As a transducer that performs transmission/reception of ultrasound, a CMUT (Capacitive Micromachined Ultrasonic Transducer), that is a capacitive ultrasound transducer manufactured by a MEMS (Micro Electro Mechanical Systems) process to which a semiconductor process is applied, has been proposed. There has been a measurement method by which ultrasound is transmitted to a measuring object, and the ultrasound reflected by the measuring object is received to obtain the information about the measuring object, with the use of an ultrasound transducer. There has been a suggested method by which the transmission/reception transducer used in the above measurement method is a CMUT that characteristically has a relatively wide frequency range (wideband) of ultrasound to be transmitted/received.
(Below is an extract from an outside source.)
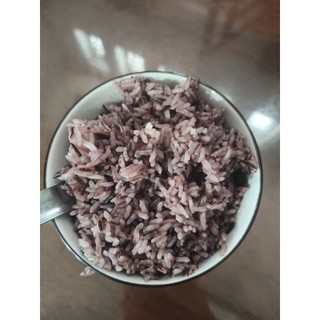 GẠO NƯƠNG TÍM ÍT ĐƯỜNG 1kg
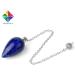 Buy Lapis Lazuli Esoteric Oracle Pendulum for Radiesthesia - International Shipping Available - Buy Online on GoSupps.com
It is known that a CMUT has two modes in which the condition of a diaphragm that vibrates upon receipt of ultrasound varies: a conventional mode and a collapse mode (see PTL 1). In the conventional mode, the diaphragm is not in contact with a lower electrode during a transmitting/receiving operation, even if the diaphragm is concaved. In the collapse mode, on the other hand, the diaphragm is brought into contact with a lower electrode when concaved during a transmitting/receiving operation. PTL 1 discloses that ultrasound with large amplitude can be emitted by causing a diaphragm to vibrate between the conventional mode and the collapse mode.
According to a method of measuring ultrasound through transmission and reception, the required frequency range varies with measuring objects. Examples of typical features include a feature centering around 5 MHz (about 1 MHz through 5 MHz, for example) and a feature centering around 10 MHz (about 7 MHz through 12 MHz, for example). As an example of the former feature, there is a method of receiving ultrasound generated from a measuring object after light emission. This is also called photoacoustic tomography (PAT). As an example of the latter feature, there is a method of receiving ultrasound reflected by a measuring object after ultrasound transmission. As such, the frequency range required for a capacitive transducer varies depending on the size of the measuring object, the depth of the measurement, or the measurement method.